DATA
»»

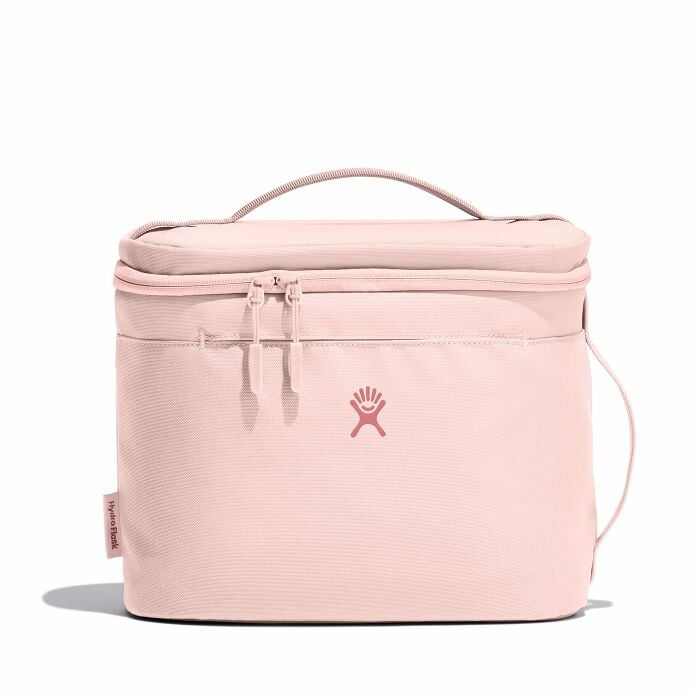 5 L Insulated Lunch Bag R2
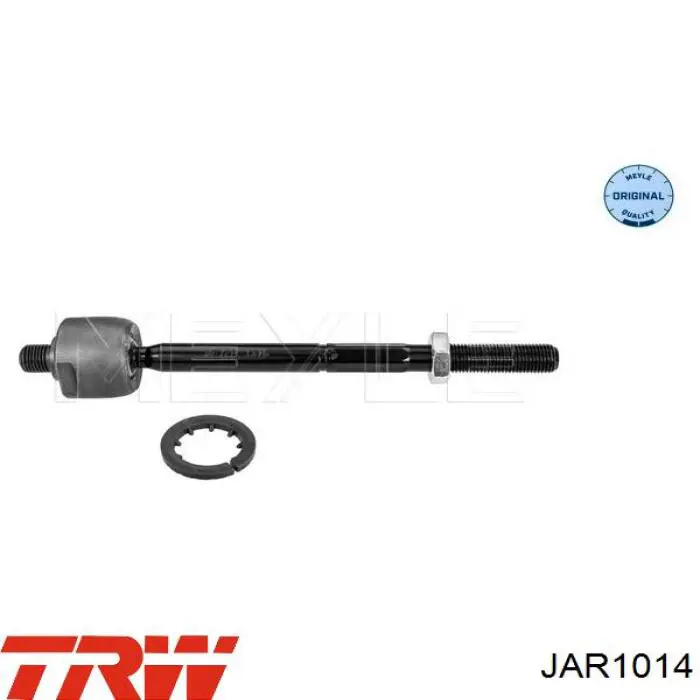 Compre JAR1014 TRW Tração de direção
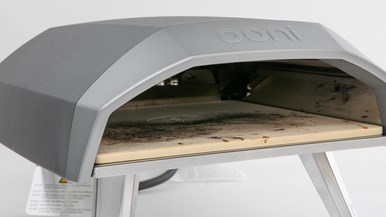 Ooni KODA 12 - UU-P08E00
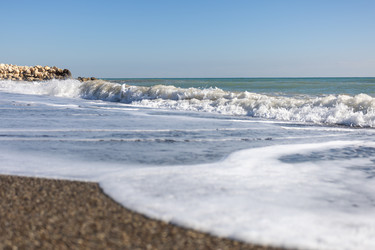 Similar image 21705505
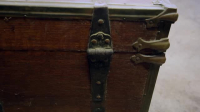 American Pickers S25E08 XviD-AFG EZTV American Pickers S25E08 XviD-AFG EZTV
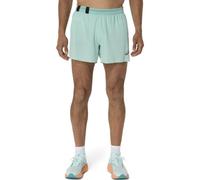 ASICS Metarun 5in Short - Uomo - Blu - Taglia L- modello 2025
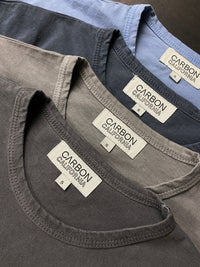 CORE TEE | ARROWHEAD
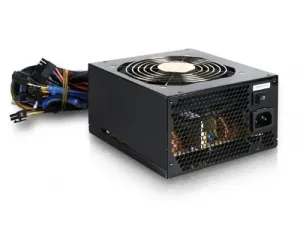 Istar TC-1000PD8 1000w Atx 80plus Ps2 Frt Cost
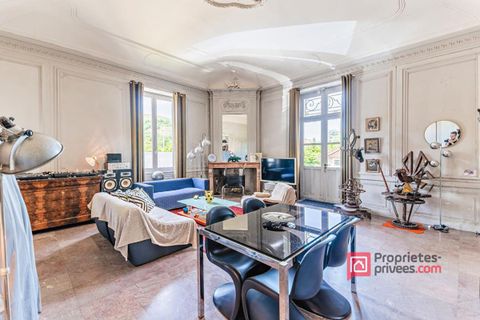 Leilighet i Condrieu, Rhone, Condrieu - € 458 000 | Ref: 410480MNIK - foto 12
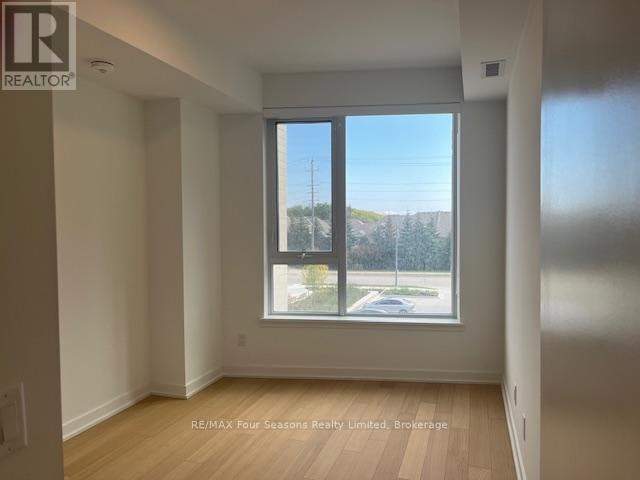 226-31 Huron Street, Collingwood, ON, L9Y 0E8 - 13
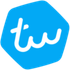 Typewise icon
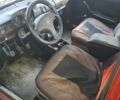 ВАЗ 2106, объемом двигателя 1.3 л и пробегом 35 тыс. км за 900 $, фото 2 на Automoto.ua
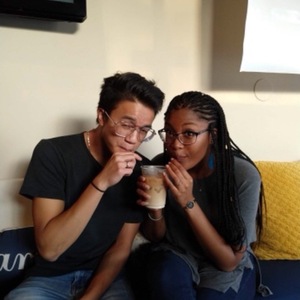 Fundraising Page: Malachi Panlilio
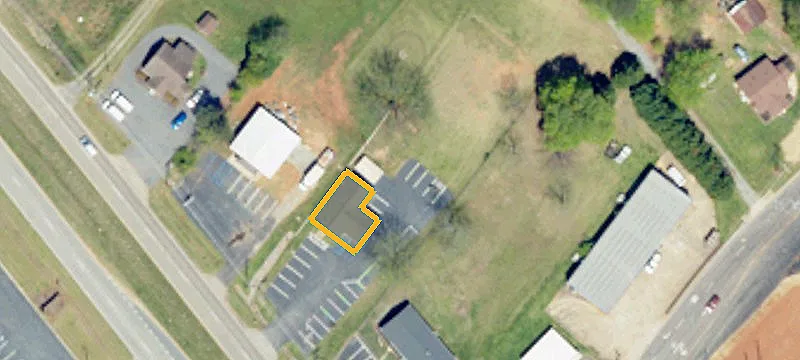 9318 Asheville Hwy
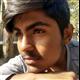 Rishi_Mohan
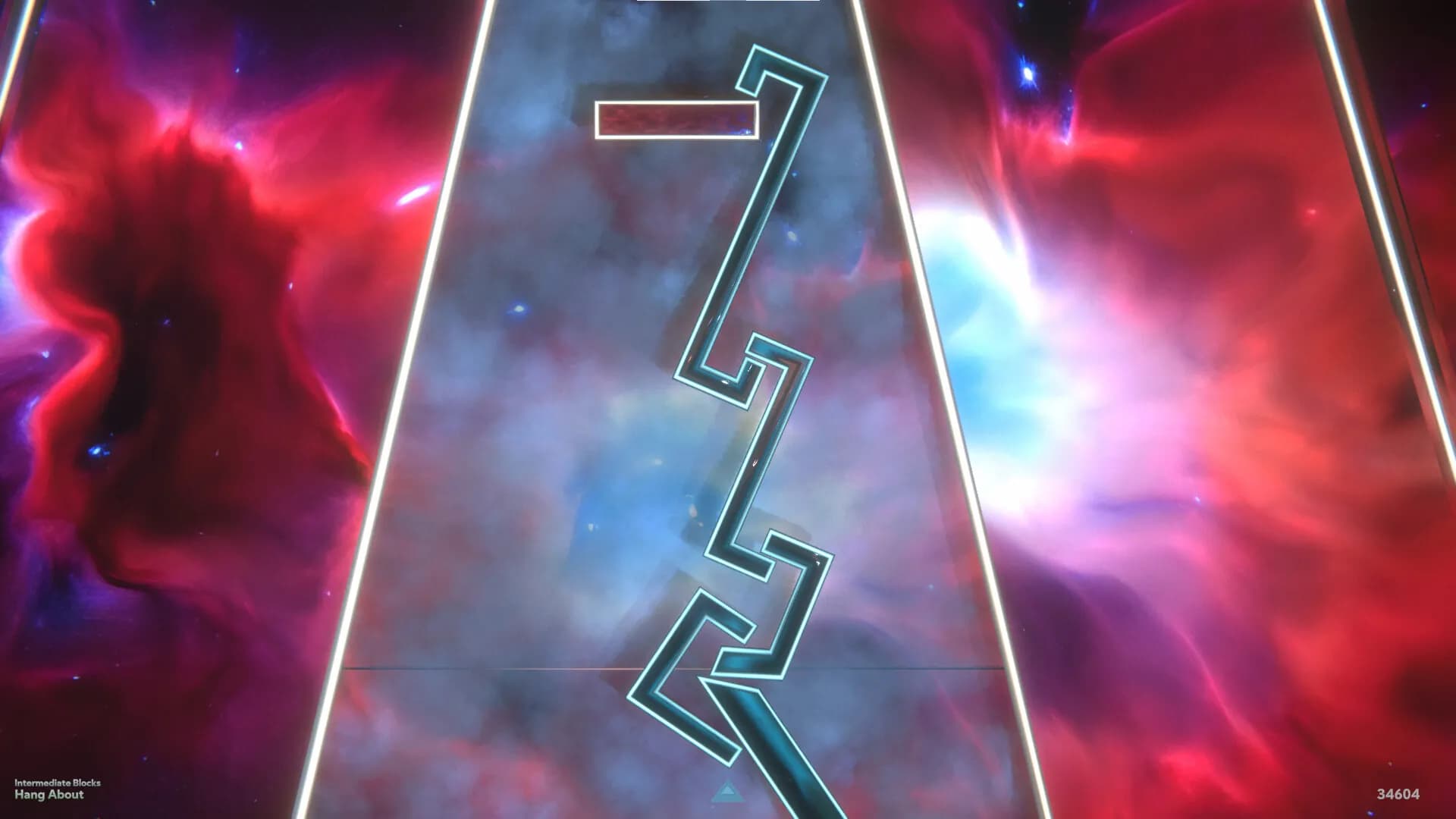 Stack Masters screenshot screenshot 2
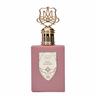 Antonio Maretti - Walk of Shame Profumi donna 50 ml female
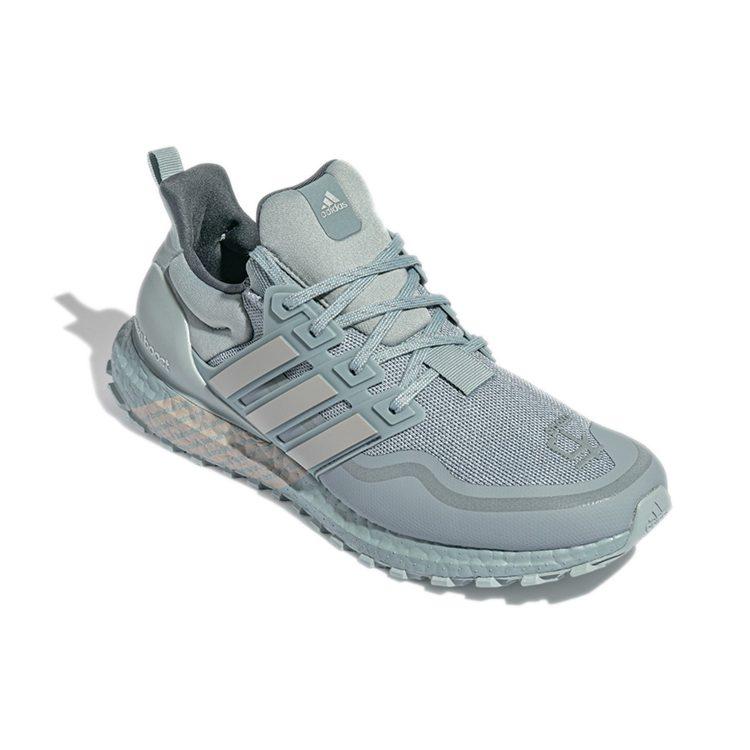 adidas Ultraboost Atr 'Серый Синий' GX6264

««

ACTIVITY
Without the pictures, copy out each entry exactly as it stands.

ANSWER TO THIS TASK
 5 L Insulated Lunch Bag R2
 Compre JAR1014 TRW Tração de direção
 Ooni KODA 12 - UU-P08E00
 Similar image 21705505
 American Pickers S25E08 XviD-AFG EZTV American Pickers S25E08 XviD-AFG EZTV
 ASICS Metarun 5in Short - Uomo - Blu - Taglia L- modello 2025
 CORE TEE | ARROWHEAD
 Istar TC-1000PD8 1000w Atx 80plus Ps2 Frt Cost
 Leilighet i Condrieu, Rhone, Condrieu - € 458 000 | Ref: 410480MNIK - foto 12
 226-31 Huron Street, Collingwood, ON, L9Y 0E8 - 13
 Typewise icon
 ВАЗ 2106, объемом двигателя 1.3 л и пробегом 35 тыс. км за 900 $, фото 2 на Automoto.ua
 Fundraising Page: Malachi Panlilio
 9318 Asheville Hwy
 Rishi_Mohan
 Stack Masters screenshot screenshot 2
 Antonio Maretti - Walk of Shame Profumi donna 50 ml female
 adidas Ultraboost Atr 'Серый Синий' GX6264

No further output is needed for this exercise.